**ASSIGNMENT**
Every single record below is to be reproduced exactly.

**INFORMATION SHOWN**
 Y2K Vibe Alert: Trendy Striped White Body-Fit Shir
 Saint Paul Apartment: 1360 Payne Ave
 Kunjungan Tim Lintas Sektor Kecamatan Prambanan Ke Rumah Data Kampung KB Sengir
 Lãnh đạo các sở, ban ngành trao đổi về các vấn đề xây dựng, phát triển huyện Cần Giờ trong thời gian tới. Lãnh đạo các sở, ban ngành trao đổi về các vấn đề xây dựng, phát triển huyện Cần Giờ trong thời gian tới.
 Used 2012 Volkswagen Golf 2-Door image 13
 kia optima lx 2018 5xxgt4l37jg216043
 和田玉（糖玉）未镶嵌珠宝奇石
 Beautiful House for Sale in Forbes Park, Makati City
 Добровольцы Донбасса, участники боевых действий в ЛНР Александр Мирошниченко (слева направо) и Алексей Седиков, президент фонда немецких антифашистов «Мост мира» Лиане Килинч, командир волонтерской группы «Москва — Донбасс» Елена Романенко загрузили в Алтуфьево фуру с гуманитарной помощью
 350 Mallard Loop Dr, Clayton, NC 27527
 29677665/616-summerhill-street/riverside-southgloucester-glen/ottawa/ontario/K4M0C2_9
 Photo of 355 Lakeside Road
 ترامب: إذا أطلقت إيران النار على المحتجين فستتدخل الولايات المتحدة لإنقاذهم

**TASK RESULT**
 Y2K Vibe Alert: Trendy Striped White Body-Fit Shir
 Saint Paul Apartment: 1360 Payne Ave
 Kunjungan Tim Lintas Sektor Kecamatan Prambanan Ke Rumah Data Kampung KB Sengir
 Lãnh đạo các sở, ban ngành trao đổi về các vấn đề xây dựng, phát triển huyện Cần Giờ trong thời gian tới. Lãnh đạo các sở, ban ngành trao đổi về các vấn đề xây dựng, phát triển huyện Cần Giờ trong thời gian tới.
 Used 2012 Volkswagen Golf 2-Door image 13
 kia optima lx 2018 5xxgt4l37jg216043
 和田玉（糖玉）未镶嵌珠宝奇石
 Beautiful House for Sale in Forbes Park, Makati City
 Добровольцы Донбасса, участники боевых действий в ЛНР Александр Мирошниченко (слева направо) и Алексей Седиков, президент фонда немецких антифашистов «Мост мира» Лиане Килинч, командир волонтерской группы «Москва — Донбасс» Елена Романенко загрузили в Алтуфьево фуру с гуманитарной помощью
 350 Mallard Loop Dr, Clayton, NC 27527
 29677665/616-summerhill-street/riverside-southgloucester-glen/ottawa/ontario/K4M0C2_9
 Photo of 355 Lakeside Road
 ترامب: إذا أطلقت إيران النار على المحتجين فستتدخل الولايات المتحدة لإنقاذهم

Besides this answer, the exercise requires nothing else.